Action item ▸
Within the material below, locate the line with "物件内観写真16　(収納)" and the line with "Damascus Steak Knife", then return those two lines and all lines between them, exactly as written.

Information ▸
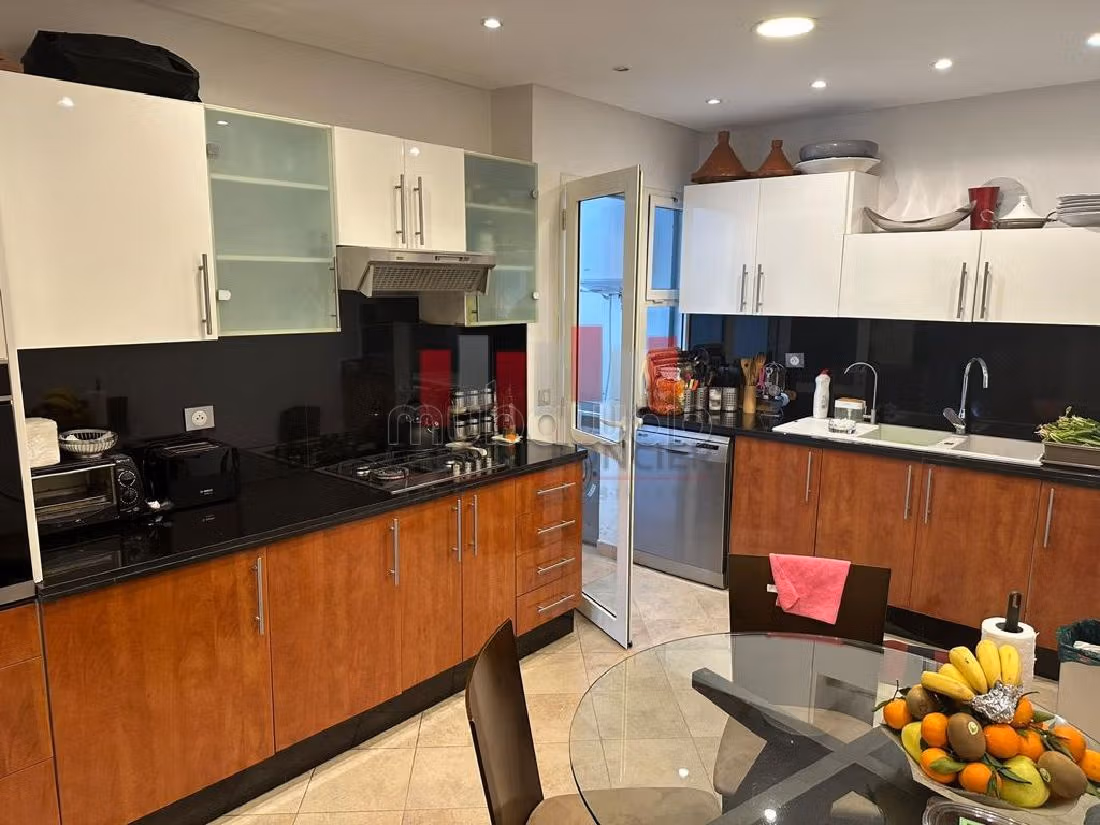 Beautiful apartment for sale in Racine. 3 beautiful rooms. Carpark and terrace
---
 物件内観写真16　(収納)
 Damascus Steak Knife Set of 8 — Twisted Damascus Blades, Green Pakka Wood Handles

Task response ▸
 物件内観写真16　(収納)
 Damascus Steak Knife Set of 8 — Twisted Damascus Blades, Green Pakka Wood Handles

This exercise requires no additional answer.